Modeling

One of the biggest hurdles to overcome when dealing with statistics is the vocabulary and the very intimidating use of Greek symbols in the equations …er models.

Modeling is something we all do in everyday living and decision making. It defines a pattern for something to happen or that has already happened.

Note: In the world of statistics, the latter is common during statistical analysis, while the former is in the planning stages for a study or in Predictive Statistics for business planning.

  • Time to Wake Up For Work.TTWUFW = Start Work At Time – (Morning Personal Prep Time + Drive Time To Work + Amount Of Buffer Time To Not Be Late).
  • Cost of groceries from the store.COGFTS = cost of all items purchased.

Each of these can be expanded to better approximate the actual outcomes.

Lets’ take the Time to leave For Work model as an example.

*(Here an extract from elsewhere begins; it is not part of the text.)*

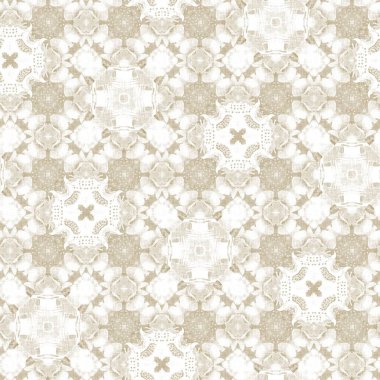 Kusursuz sahil bulanık krem bez efekti geometrik mozaik etki. Sahil evi tarzı kumaş tekrarı. Ecru doğal keten etkisi. Sahil coğrafi arka plan.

We ask ourselves when creating this model “What are the components that contribute or effect this outcome.

You just got hired for a new job across town and want to know what time do you need to wake up in the morning to arrive there at a comfortable time so you’re not late.

You begin working on your model based on what you know and make a list of the variables that affect the solution.

Variables:

We place the outcome on the left side of an equation then the equal sign and on the right side we list all the components that contribute or effect that outcome. We separate each component with a plus sign (+) showing it adds/contributes to the outcome.

If we wrote this out we would say…

What time do you need to wake up for work (TTWUFW) If you Start work at 8:00 am (SWAT) and it takes you 30 minutes morning prep time (MPPT) and it takes 20 minutes to drive to work (DTTW) and you like to be at work 15 minutes before you start working (AOBTTNBL).

In equation form using shortened labels for each component we get.

TTWUFW = SWAT + MMPPT + DTTW + AOBTTNBL

Wait that doesn’t look exactly like the first equation! You’re right but this is closer to the exact form for statistical model even though we all know from getting ready for work some things negatively contribute to the outcome. Let’s not worry about the exact form quite yet, we will return to that later.

In the model  for what time do you need to wake up for work  begin with what time do you need to start work and subtract from that all the component times  for each of the pre-work activities and the result is what time you need to wake up for work.

To get a more accurate “prediction” of when we need to leave for work we expand as best we can all of the components to include their actual parts and rewrite the equation.

TTWUFW = SWAT – ( Time to Shower + Time to Shave + Time for personal Hygiene + Time to Dress + Time for Breakfast/Coffee + Time to Warm up Car + Time for Drive to Work + Amount of Buffer to Not Be Late + Unknown Unplanned Event time)

There is a practical limit to how detailed your “model” needs to be but it is easy to see that the time used in any component effects what time you will need to wake up for work.